## Source material
++++++++
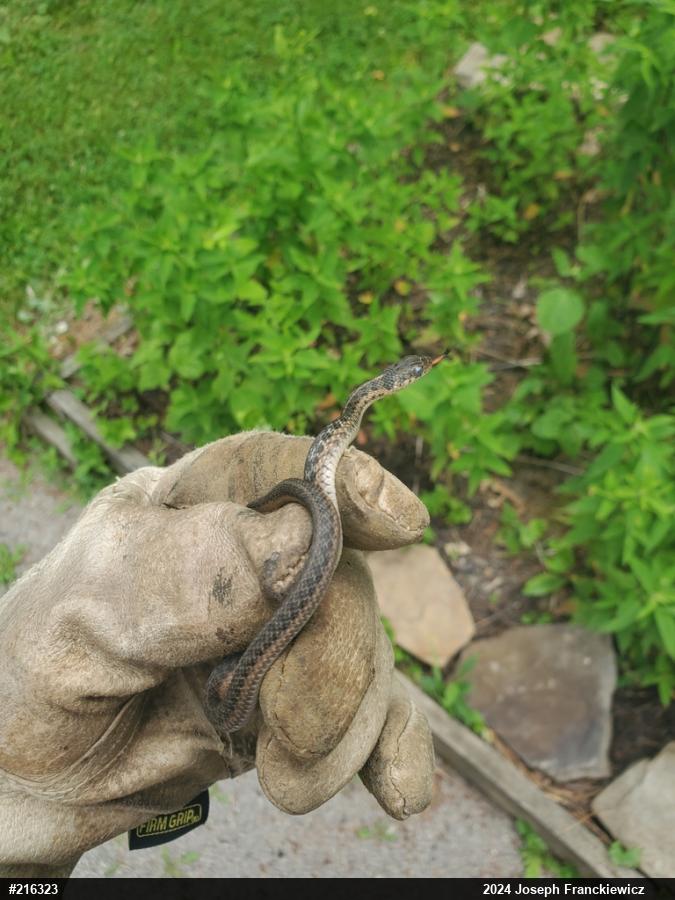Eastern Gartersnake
++++++++
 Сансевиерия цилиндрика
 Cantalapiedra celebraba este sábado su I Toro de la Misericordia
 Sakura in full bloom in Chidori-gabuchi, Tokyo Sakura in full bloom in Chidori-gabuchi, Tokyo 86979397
++++++++
Set down, unchanged, only those lines above that fall between the line with "Cantalapiedra celebraba este" and the line with "Sakura in full bloom in Chidori-gabuchi, Tokyo Sakura", the two end lines included.

## Written solution
 Cantalapiedra celebraba este sábado su I Toro de la Misericordia
 Sakura in full bloom in Chidori-gabuchi, Tokyo Sakura in full bloom in Chidori-gabuchi, Tokyo 86979397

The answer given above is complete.